After conducting experiments, we have discovered the following two advantages of HMRFO:

  1. (1)

    The incorporation of FW and hierarchical structure significantly enhances the population diversity of HMRFO. This results in the algorithm being able to escape local optima, avoid premature convergence, and improve the quality of solutions by considering different solutions in the search space.

  2. (2)

    HMRFO has a fast convergence rate and low computational complexity, making it a cost-effective approach to optimize large dimensional problems.
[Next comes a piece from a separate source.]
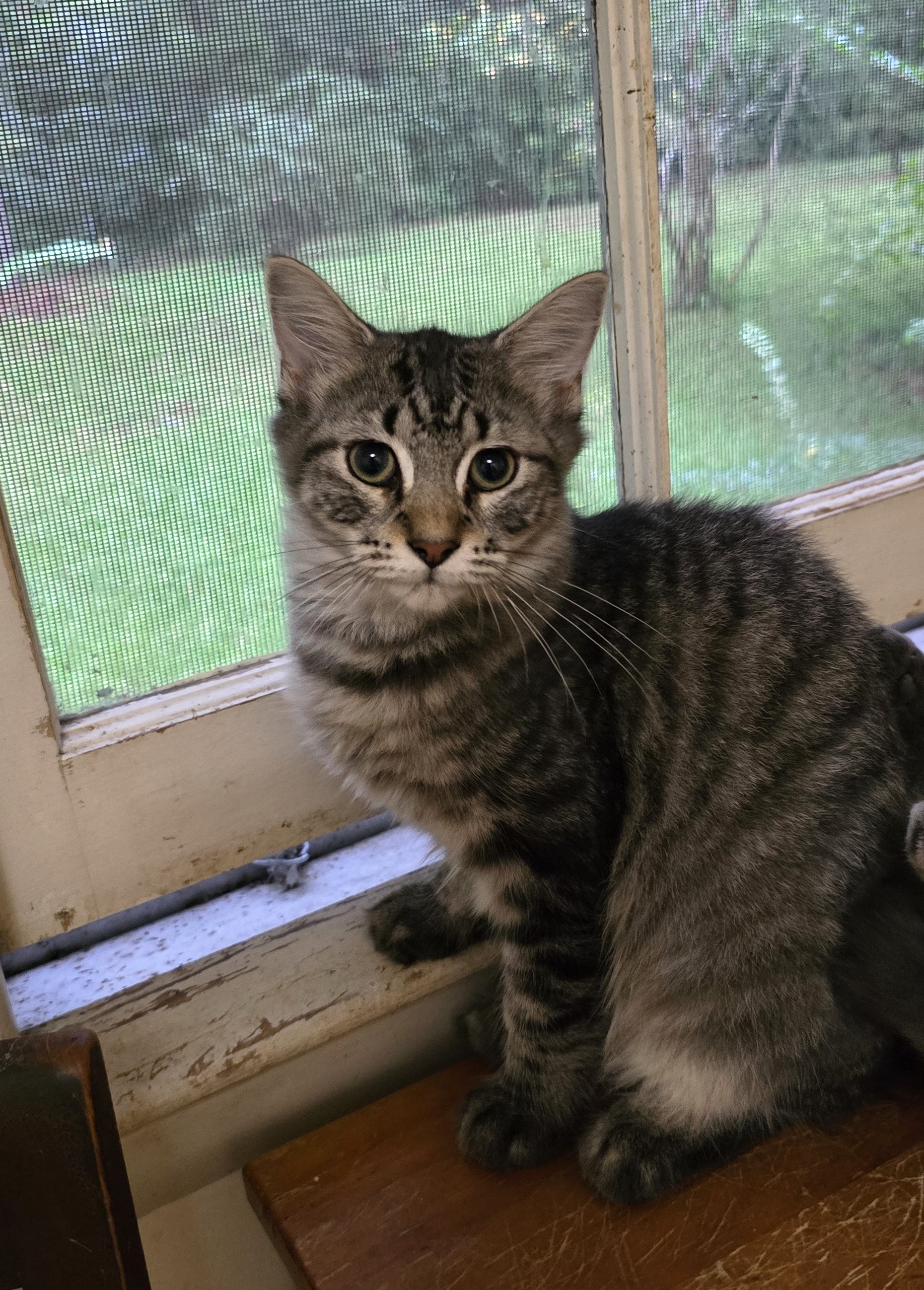 Sharon, a Adoptable Domestic Short Hair in Wilmington, NC image 2/4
In future work, the following studies could be considered:

  1. (1)

    The number of individuals per layer in this study is fixed and may have limitations as it may perform differently on different problems. In the future, the hierarchical structure could be further improved by incorporating mutual information interaction. For example, the number of individuals in each layer can be dynamically adjusted based on some evaluation metric.

  2. (2)

    The FW selection method used in this paper could be applied to improve other meta-heuristic algorithms.

  3. (3)

    HMRFO could be applied to tasks such as solar photovoltaic parameter estimation, dendritic neural models, and multi-objective optimization.